Concept · Data retention
Data retention & deletion
Default 24-hour retention. Set retain_hours: 0 and use webhooks for ephemeral processing. Hit POST /v1/jobs/{id}/purge to erase on demand. We bill from a tombstone with no document content.
What we store, and for how long
Every extraction job creates three logically separate things. Each has its own retention window, and you control them independently per request.
| Artifact | Where it lives | Default lifetime | Controlled by |
|---|---|---|---|
| Source file (your PDF/PPT/etc.) | Cloudflare R2 (or your BYOS bucket) | 24 hours | retain_hours |
| Extracted content (markdown + structured JSON) | Our Postgres | 24 hours (matches retain_hours) | result_retain_hours |
| Billing tombstone (job id, customer, pages, timestamps) | Our Postgres | Indefinite | Tax + audit retention; no document content |
A tombstone is the row that remains after we delete your data. It carries the fields we need to produce invoices and usage reports (id, customer_id, pages_extracted, completed_at) and nothing about your document — no filename, no hash, no result.
Ephemeral processing (recommended for sensitive data)
Set both retention windows to zero and have the result delivered to you via webhook. Our database holds your content for the duration of the extraction and the webhook delivery, then it's gone.
curl -X POST https://api.ocrqueen.com/v1/extract \
-H "Authorization: Bearer pk_..." \
-F "file=@confidential.pdf" \
-F 'options={
"retain_hours": 0,
"result_retain_hours": 0,
"callback_url": "https://your-app.com/ocrqueen-webhook"
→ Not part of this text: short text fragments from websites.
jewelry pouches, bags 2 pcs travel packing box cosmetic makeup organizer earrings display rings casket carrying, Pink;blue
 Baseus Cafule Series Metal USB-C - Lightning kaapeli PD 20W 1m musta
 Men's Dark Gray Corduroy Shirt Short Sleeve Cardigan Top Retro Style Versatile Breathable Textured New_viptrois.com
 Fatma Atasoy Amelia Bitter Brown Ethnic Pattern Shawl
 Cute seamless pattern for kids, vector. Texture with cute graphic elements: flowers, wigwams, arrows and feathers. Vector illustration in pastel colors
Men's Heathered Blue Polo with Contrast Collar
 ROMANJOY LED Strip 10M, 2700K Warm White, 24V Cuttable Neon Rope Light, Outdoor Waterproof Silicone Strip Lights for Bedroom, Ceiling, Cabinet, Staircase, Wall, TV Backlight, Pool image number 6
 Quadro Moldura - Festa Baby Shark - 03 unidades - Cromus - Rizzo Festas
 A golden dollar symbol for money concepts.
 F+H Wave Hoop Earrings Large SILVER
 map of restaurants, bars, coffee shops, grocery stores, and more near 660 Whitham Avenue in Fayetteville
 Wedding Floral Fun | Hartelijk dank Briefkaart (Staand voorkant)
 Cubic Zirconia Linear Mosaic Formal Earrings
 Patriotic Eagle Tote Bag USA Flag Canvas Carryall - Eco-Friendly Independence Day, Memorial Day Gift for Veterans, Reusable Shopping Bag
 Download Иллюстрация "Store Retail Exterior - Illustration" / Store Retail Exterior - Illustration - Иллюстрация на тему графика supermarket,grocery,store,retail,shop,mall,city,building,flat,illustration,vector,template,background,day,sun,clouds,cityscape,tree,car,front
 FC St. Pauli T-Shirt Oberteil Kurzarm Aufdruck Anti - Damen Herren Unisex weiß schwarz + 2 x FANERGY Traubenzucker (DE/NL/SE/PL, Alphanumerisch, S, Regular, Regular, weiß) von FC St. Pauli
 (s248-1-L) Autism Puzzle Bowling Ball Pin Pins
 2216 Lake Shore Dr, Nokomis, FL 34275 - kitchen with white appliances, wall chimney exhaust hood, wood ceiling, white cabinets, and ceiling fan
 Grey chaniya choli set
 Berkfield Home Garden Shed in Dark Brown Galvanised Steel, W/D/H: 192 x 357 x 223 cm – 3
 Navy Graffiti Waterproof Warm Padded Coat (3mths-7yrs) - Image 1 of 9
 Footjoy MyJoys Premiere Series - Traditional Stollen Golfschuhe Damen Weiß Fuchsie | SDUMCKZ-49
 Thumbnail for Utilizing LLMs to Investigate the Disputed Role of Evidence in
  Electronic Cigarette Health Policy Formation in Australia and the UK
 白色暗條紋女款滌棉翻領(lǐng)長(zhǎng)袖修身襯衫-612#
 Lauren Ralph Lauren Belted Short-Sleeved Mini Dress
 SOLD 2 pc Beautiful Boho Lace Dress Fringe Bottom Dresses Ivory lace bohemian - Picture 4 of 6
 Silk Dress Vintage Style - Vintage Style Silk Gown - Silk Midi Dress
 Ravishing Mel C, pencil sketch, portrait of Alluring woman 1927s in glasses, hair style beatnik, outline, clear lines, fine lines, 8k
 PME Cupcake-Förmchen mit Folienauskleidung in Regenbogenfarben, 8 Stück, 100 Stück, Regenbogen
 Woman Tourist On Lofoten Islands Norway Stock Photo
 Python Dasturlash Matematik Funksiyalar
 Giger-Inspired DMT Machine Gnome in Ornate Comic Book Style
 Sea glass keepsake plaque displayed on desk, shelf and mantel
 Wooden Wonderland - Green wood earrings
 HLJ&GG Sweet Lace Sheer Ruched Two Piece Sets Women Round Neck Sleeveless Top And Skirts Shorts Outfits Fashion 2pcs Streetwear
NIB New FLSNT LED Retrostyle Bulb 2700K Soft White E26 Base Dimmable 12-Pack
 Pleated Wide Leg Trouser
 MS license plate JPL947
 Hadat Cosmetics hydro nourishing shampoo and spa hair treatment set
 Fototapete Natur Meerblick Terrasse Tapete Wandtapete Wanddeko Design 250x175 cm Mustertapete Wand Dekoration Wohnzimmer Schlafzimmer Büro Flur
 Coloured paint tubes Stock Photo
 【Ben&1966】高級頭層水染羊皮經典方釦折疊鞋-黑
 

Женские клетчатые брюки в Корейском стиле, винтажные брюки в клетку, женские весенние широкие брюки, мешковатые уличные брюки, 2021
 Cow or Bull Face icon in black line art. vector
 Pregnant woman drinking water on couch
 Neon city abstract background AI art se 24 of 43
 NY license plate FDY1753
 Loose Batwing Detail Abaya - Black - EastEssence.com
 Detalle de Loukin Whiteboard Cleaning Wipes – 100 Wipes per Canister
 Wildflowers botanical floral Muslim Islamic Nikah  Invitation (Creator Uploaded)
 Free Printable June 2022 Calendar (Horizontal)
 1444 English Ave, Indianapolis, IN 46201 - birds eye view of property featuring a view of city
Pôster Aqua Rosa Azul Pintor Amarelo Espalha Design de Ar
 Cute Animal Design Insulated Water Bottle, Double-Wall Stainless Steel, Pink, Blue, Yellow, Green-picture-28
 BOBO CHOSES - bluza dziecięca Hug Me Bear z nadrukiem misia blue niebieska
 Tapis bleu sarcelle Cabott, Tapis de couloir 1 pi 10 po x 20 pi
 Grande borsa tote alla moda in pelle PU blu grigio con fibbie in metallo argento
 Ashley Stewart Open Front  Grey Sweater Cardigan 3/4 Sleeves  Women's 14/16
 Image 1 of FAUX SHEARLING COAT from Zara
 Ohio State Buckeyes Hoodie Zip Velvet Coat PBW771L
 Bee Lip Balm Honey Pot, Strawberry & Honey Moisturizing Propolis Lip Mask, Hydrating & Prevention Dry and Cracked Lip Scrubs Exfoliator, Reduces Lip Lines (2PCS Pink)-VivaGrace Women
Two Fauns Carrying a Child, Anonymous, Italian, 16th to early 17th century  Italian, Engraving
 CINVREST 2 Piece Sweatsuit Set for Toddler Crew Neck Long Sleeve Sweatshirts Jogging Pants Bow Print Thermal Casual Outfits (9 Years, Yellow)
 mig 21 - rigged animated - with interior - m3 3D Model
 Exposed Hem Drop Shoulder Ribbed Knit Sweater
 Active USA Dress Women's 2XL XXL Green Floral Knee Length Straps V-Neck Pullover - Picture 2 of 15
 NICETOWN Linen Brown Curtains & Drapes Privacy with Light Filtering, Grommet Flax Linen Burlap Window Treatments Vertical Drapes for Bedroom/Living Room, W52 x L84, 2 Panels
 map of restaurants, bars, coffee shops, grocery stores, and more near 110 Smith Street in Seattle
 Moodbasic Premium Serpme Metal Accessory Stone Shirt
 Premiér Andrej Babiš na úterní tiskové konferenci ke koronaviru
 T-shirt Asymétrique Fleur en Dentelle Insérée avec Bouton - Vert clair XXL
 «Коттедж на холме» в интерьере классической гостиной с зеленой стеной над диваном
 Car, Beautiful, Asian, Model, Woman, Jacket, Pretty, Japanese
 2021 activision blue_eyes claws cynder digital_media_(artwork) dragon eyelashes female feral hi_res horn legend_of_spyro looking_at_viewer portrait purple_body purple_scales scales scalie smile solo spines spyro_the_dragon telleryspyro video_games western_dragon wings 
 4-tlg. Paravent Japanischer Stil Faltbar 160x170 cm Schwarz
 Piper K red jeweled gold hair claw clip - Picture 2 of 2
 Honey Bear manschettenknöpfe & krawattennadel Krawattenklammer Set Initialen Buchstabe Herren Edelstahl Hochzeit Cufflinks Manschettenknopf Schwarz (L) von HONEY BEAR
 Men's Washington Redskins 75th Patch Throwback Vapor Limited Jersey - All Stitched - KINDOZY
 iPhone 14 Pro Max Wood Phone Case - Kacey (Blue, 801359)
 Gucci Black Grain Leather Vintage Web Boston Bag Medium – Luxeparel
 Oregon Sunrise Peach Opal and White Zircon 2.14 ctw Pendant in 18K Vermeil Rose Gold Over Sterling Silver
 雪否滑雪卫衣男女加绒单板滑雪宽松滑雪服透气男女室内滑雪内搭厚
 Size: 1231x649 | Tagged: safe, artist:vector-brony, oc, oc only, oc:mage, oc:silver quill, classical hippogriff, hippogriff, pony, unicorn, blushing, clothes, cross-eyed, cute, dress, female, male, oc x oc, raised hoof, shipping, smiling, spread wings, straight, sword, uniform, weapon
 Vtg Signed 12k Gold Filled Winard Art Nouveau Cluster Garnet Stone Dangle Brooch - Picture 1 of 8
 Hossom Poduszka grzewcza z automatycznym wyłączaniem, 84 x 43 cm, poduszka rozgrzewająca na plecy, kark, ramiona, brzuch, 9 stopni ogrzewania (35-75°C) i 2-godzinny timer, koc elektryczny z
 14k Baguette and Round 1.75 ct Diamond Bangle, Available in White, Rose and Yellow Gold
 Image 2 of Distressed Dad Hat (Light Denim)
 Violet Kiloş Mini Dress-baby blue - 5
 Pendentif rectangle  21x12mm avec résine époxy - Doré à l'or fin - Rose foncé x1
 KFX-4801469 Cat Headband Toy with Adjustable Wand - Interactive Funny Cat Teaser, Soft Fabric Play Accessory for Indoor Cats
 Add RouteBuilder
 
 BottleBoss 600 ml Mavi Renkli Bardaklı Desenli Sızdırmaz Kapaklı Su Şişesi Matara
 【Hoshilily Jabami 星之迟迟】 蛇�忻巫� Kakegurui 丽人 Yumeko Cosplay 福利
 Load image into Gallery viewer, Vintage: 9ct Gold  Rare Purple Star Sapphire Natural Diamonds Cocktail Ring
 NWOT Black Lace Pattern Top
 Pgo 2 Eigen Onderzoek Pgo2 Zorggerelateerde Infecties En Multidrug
}'The webhook payload contains the full extraction result. You're responsible for persisting whatever you need from there — once we deliver, we forget.
Erase on demand
For GDPR right-to-erasure requests, end-of-customer-engagement cleanups, or any one-off deletion: hit the purge endpoint. It's idempotent — calling it twice on the same job is harmless.
curl -X POST https://api.ocrqueen.com/v1/jobs/{job_id}/purge \
-H "Authorization: Bearer pk_..."
# 204 No Content. The source bytes are deleted from R2,
# the extracted result + request options are nulled, the
# row remains as a billing tombstone.Requires the jobs:write scope on the API key — destructive operations are deliberately gated behind a separate scope from extract:write so you can issue read-only keys that fetch results without being able to delete them.
Which scope does what
| Scope | What it permits |
|---|---|
extract:read | Read job status & results, cancel queued jobs |
extract:write | Submit new extraction jobs |
jobs:write | Hard-purge a job (source + result). Separate from extract:write on purpose. |
What stays after a purge
The job row remains so that:
- You can still see purged jobs in your usage reports.
- We can produce accurate invoices and tax records.
- An idempotent retry of the same request returns a clear “this job was purged” response instead of silently re-running and re-billing.
The fields we keep are: job id, customer id, pages extracted, file size in bytes (no filename, no hash), status, created / started / completed / purged timestamps, and the usage events that drive billing.
BYOS and retention
If you provided a BYOS destination for output artifacts (extracted images, page renders), those live in yourbucket and OCRQueen never touches them again — including on purge. Lifecycle there is governed by your bucket's own policies.
Today, source-side BYOS (uploading directly to your bucket instead of ours) is on the roadmap; until then the source file is uploaded to our R2 and deleted per retain_hours.
What we never persist
- Plaintext API keys. We hash on creation and store only the hash + a short prefix for display.
- Plaintext BYOS credentials. Encrypted at rest with our KMS-backed envelope encryption; workers decrypt to memory only, never to disk.
- Request bodies in logs. Structured logs record metadata (job id, page count, latency, error code) and never the document contents.
Changes to this policy
We'll announce material changes here and to API-key owners by email at least 30 days before they take effect. Tighter defaults (shorter retention) ship immediately; looser defaults (longer retention) require notice.